Bentuk community Development yang mereka kembangkan adalah memanfaatkan lubang galian tambang seebagai waduk untuk menyimpan air. Selain sebagai sarana untuk menampung air, lubang ini juga dimanfaatkan seebagai areal perikanan yang produktif. Sestim perikanan yang akan mereka kembangkan adalah dengan sestim perikanan Kerambah. Tanah gundukan bekas galian yng berupa tailing dimanfaatkan sebagai lahan bercocok tanam. Mereka menanm jangung, umbi-umbian dan kacang-kacangan serta diselingi dengan tanaman keras yang menjadi penghijauan jangka panjang. Dalam siklus yang dipadukan areal tailing juga dimodifikasi untuk kandang perternakan.

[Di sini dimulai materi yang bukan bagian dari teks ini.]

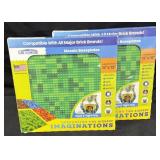 2- 4pk. Boxes of Slab Dream Lab 12' x 12' Mosaic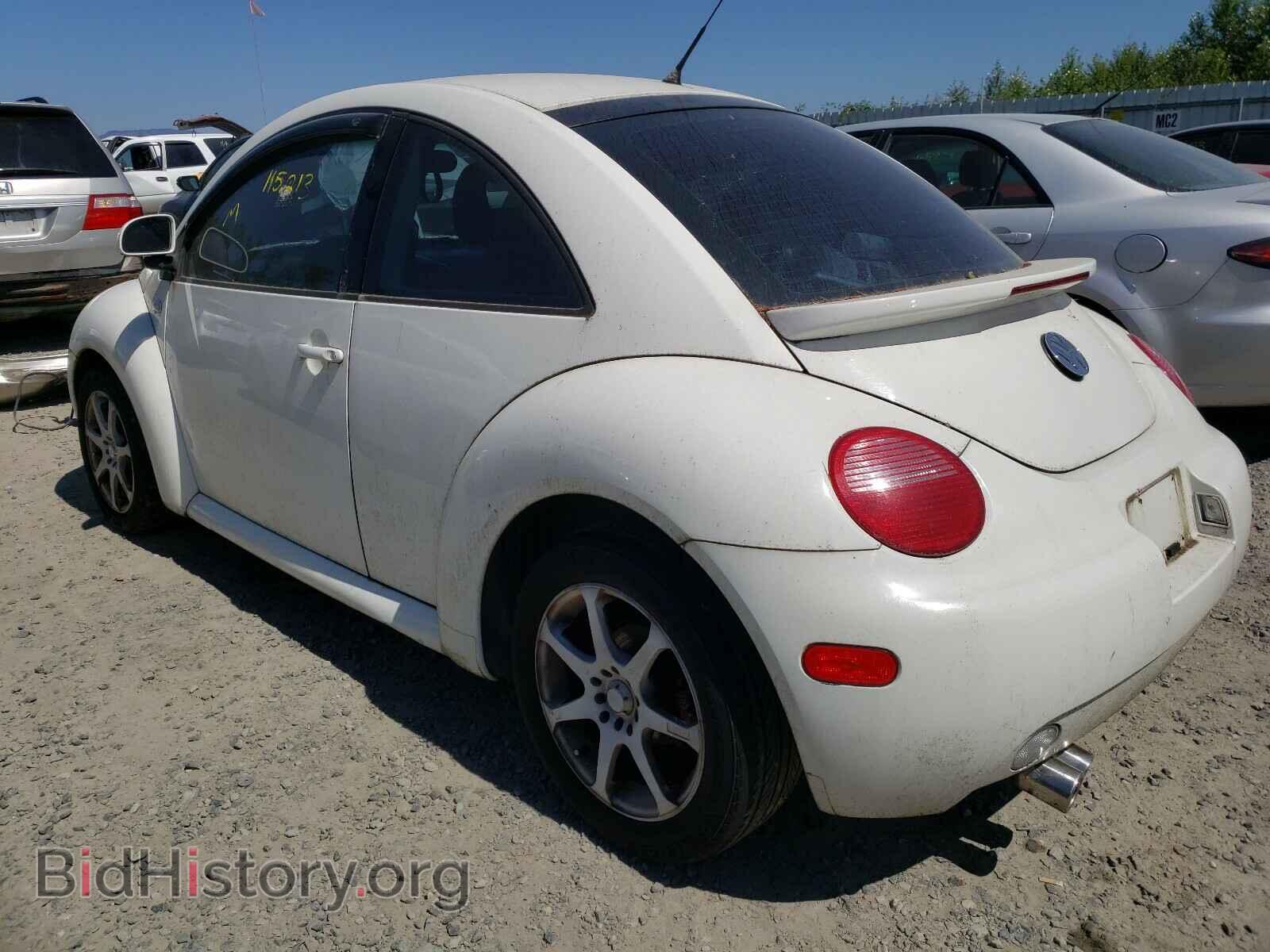 2000 VOLKSWAGEN BEETLE - VIN: 3VWCD21C8YM428717 - Фото 3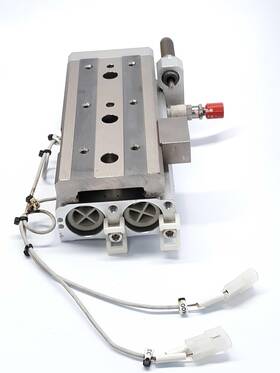 Mxq25-75bs Smc Pneumatic Cylinder Slide Table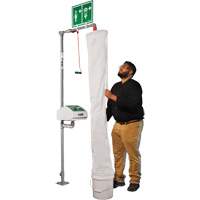 Safety Shower Test Kit with Bucket & Shower Sock FMT Sales Ltd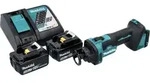 Makita DCO 181 RT Akku Rotationsschneider 18 V 32000 U/min Brushless + 2x Akku 5,0 Ah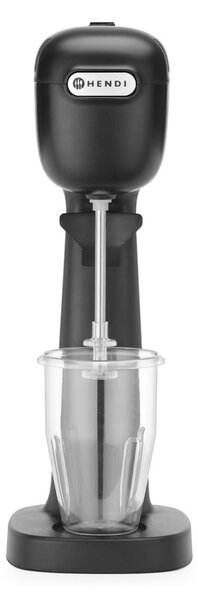 Frullino milkshaker nero opaco - Hendi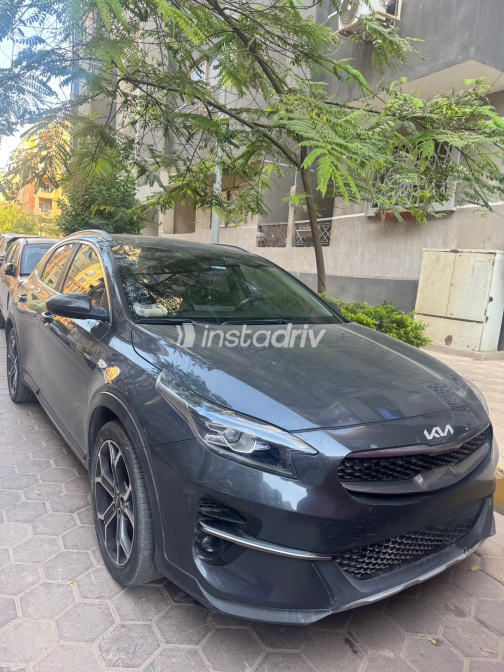Kia Xceed 2022 Gray Automatic Used for Sale in Greater Cairo ( Cairo + Giza) - 4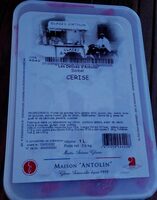 Sorbet de Cerise Griotte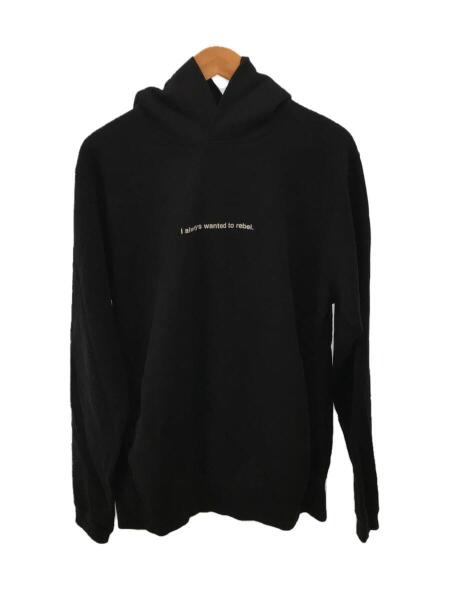 MINEDENIM(マインデニム) / パーカー/2/コットン/BLK/プリント/文字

Dunia Tambang di kepulauan Bangka begitu menyatu dengan penduduk setempat, sampai masyarakat setempat menganggap keberadaan tambang merupakan lingkungan yang tak bisa dilepaskan dari lingkungan mereka. 

Kenyataan lain yang cukup mengejutkan dikala kita menanyakan " Apakah Putera / Puteri Bapak bekerja di salah satu perusahaan Tambang di Daerah ini ?" mereka menjawab tidak. Mereka melihat dunia tambang bukan satu-satuya tempat untuk mencari pekerjaan. Malah mereka bangga jika anggota keluarga mereka melanjutkan tradisi mengelolah perkebunan keluarga yaitu Kebun Lada. Dunia tambang mereka anggap sebagai patner dalam membangun daerah mereka. Memang bukti yang terlihat penghidupan dan ekonomi Masyarakat Bangka berada diatas standar rata-rata penghidupan daerah lain.

NGO’s dan Masyarakat

Paradigma berpikir masyarakat Bangka begitu praktis melihat dan memahami suatu persoalan. Ketika penulis menanyakan " bagaimana peranan NGO’s atau LSM dalam aktifitas mereka ?" mereka menjawab tidak tahu. Mereka malah asing dengan nama LSM ataupun organisasi masyarakat disekitar mereka. Pandangan yang timbul terhadap NGO’s ternyata diluar dugaan aktifis NGO’s. Mereka melihat keberadaan NGO’s hanya sebuah biang masalah. Pandangan umum yang ada NGO’s merupakan provokator. Masyarakat merasakan langsung hasil dan konstribusi dari tambang yang telah berjalan ratusan tahun tersebut. Dalam kasus nyata ternyata PT. Tobatin juga masih awam dengan keberadaan NGO’s dilingkungan mereka. Selama ini semua program yang ditujukan kepada masyarakat langsung ditangani oleh pihak perusahaan. Dan masyarakat sendiri proakatif bekerjasama dengan perusahaan yang ada. Jalur kerjasama yang digunakan oleh perusahaan tambang yaitu menggunakan perangkat dan strukutur Desa atau lurah yang sudah baku.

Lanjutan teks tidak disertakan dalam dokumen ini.